Record: 424-295 (.590 — first)

Postseason Appearances: 27 – fifth

Postseason Record: 29-20 (.592 — fourth)

Conference Championships: 10 — second

Super Bowl Wins: 4 — T-second

Howell (pictured, middle) only produced four head coaches in the NFL, but two of those head coaches are widely-regarded as two of the greatest coaches in NFL history — Tom Landry and Vince Lombardi. It’s hard to compete with that.

This group coached for 32 seasons in the Super Bowl era and won four Super Bowls. That’s one every eight years — 33 percent faster than Parcells’ tree. They won a conference championship (including pre-Super Bowl AFL/NFL championships) once every 5.4 seasons — nearly twice as often as Parcells’ tree has (once every nine seasons). Sure, Landry and Lombardi may not have the same accolades as Belichick, but they accomplished so much in such a comparatively short amount of time.

Allie Sherman wasn’t a bad addition to the tree either. Taking over the Giants for Howell was likely a very daunting task, yet Sherman took a 6-4-2 squad in Howell’s last year to a combined 33-8-1 record over the next three years. Although he never won an NFL Championship, his Giants were consistently one of the best teams in the NFL prior to the Super Bowl era...where they went 15-26-1 across three seasons. Still, Sherman managed a career 57-51 record as well as three “postseason” appearances (basically just conference championship appearances) in eight seasons as a head coach. That’s not bad at all.
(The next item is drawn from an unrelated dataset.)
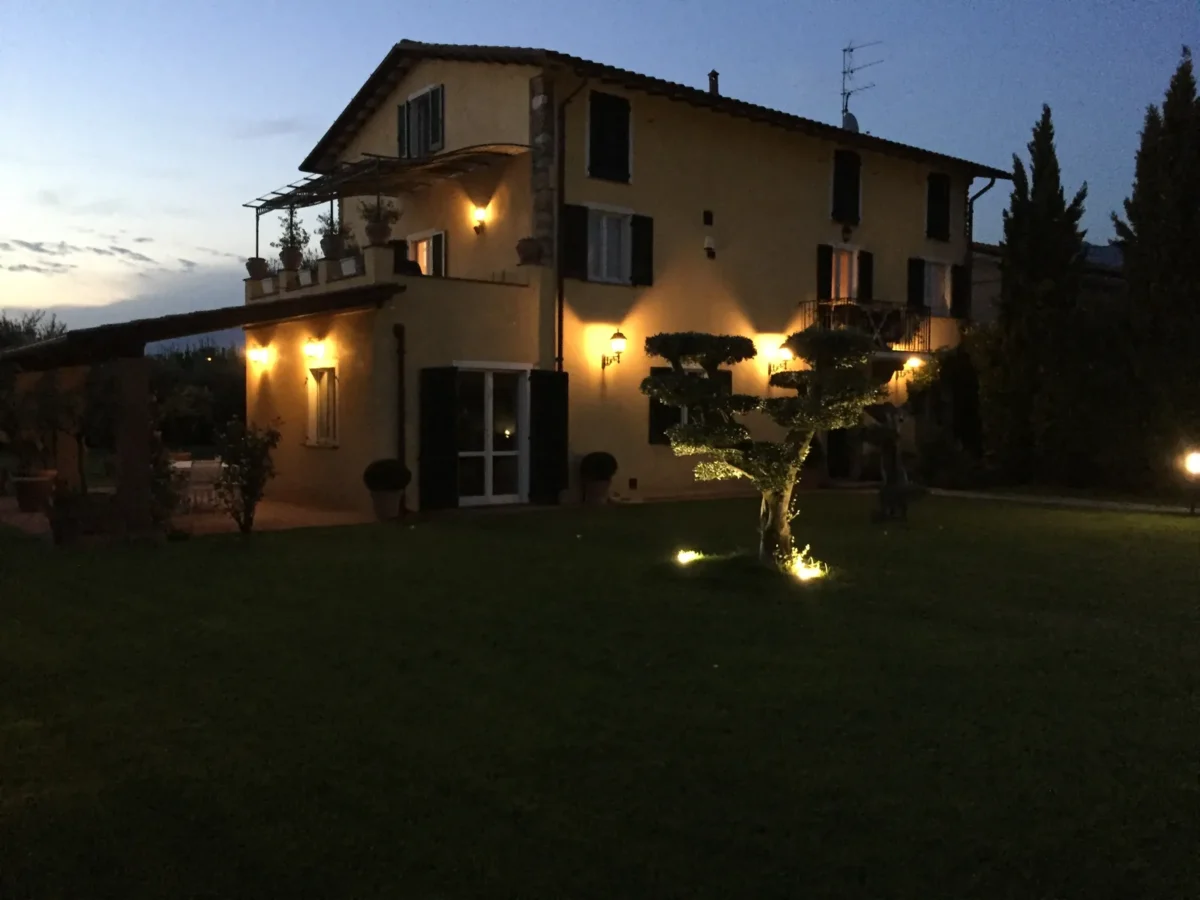 The historic villa of the Dimora Arabella holiday apartments in Pietrasanta, lit up at dusk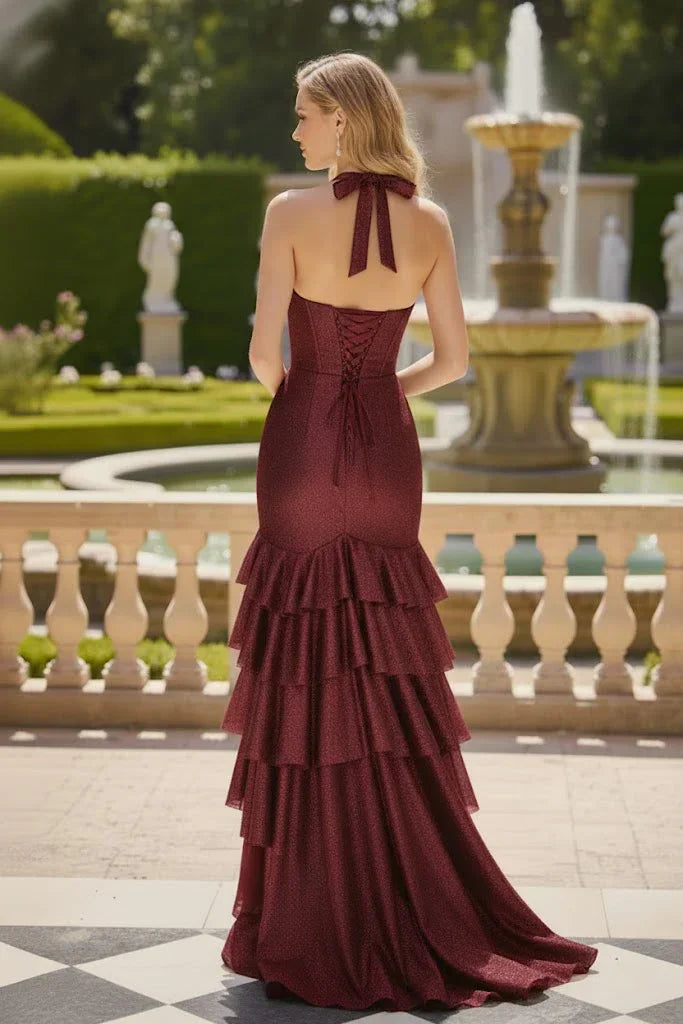 Woman in burgundy halter cowl neck tiered mermaid prom dress standing by fountain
The only dark spot on this tree is Harland Svare, who coached the Rams and Chargers for seven years between 1962 and 1973, going 21-48-5 in the process. Every family has to have their odd man out, right? The one that doesn’t quite fit in, y’know? The Jackson 5 had Tito. The Watts have Derek. My family has me. That’s just how it is. Svare’s presence under Howell’s tree doesn’t diminish Landry’s and Lombardi’s accomplishments enough though to warrant dropping this tree down the list. Jim Lee Howell produced two of the most iconic head coaches of all time. It’s the best tree the NFL has ever seen, perhaps the greatest the league will ever see.